No one even halfway reasonable is saying C is useless or Python is useless. But the OP and anyone siding with the OP is legitimately retarded.
Bentley Davis
They're both pretty unreadable, your formatting and whitespace habits are cancer.
Jonathan Cruz
>linear interpolation of a 3d-field with an additional time-dependence dimension float lerp(float *start, float *end, float *res, unsigned length, float percent) { for(int i = 0; i < length; ++i) res[i] = start[i] + percent * (end[i] - start[i]); return res; }
>libcurl and a json or xml lib Even that's too much. Literally just download the html source and find the line with the most >>'s in it.
John Peterson
C shills address this
Samuel Jenkins
what font?
Lucas Morgan
>Write shitty code >Get buffer overflows >"It's C's fault, not my fault. I was totally not being retarded by going outside the bounds of allocated memory"
Sebastian Brown
since the 1970's they invented something called zero cost abstractions
Owen Rogers
hours pass and still we wait
Chase Brown
C has libraries as well, dipshit
Easton Sanders
>Name one "serious" Python project, then. Reddit
Henry Gray
>implying all serious projects are open source.

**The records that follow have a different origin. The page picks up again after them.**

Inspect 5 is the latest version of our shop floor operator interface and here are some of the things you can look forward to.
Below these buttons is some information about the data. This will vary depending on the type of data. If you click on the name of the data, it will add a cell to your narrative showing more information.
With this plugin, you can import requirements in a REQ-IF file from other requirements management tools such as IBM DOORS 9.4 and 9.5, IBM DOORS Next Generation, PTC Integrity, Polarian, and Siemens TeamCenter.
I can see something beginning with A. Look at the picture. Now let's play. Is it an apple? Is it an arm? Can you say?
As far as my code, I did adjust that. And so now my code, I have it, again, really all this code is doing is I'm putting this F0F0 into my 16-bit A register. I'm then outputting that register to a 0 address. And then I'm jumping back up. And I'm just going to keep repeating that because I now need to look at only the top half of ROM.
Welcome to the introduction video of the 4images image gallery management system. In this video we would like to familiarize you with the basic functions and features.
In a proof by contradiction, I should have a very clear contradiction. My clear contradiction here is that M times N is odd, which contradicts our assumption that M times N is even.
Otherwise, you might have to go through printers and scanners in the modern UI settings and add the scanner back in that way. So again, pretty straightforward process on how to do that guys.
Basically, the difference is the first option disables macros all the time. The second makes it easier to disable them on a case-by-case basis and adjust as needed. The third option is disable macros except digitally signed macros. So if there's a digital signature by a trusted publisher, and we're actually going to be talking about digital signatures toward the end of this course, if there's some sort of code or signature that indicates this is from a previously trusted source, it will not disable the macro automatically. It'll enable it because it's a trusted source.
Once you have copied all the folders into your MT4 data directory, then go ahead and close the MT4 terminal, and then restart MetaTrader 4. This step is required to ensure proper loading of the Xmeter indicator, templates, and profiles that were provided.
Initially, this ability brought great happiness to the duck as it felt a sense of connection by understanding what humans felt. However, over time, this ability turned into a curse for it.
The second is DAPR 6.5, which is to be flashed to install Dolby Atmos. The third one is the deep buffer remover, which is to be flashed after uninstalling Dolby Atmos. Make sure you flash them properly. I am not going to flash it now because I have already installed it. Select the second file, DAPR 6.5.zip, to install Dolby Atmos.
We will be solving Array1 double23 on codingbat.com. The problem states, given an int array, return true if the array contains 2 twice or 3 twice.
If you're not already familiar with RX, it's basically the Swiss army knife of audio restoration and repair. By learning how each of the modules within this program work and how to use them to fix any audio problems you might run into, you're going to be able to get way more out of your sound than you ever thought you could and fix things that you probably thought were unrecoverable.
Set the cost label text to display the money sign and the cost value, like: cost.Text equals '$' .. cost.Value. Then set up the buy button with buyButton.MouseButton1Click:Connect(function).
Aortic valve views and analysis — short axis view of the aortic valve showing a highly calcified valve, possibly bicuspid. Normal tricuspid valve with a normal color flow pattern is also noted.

Sounds like you have never work on the serious project before.
Jonathan Sanders
$ time sleep 1 && sleep 2
real 0m1.013s user 0m0.001s sys 0m0.000s $
That's right, boys, C is so good that sleep, a program written in C, takes only one second to sleep for 3 seconds.
Kevin Flores
retard ctard
Angel Baker
C is truly amazing
Camden James
>wtf why are you taking the training wheels of my bike mom, I could fall down!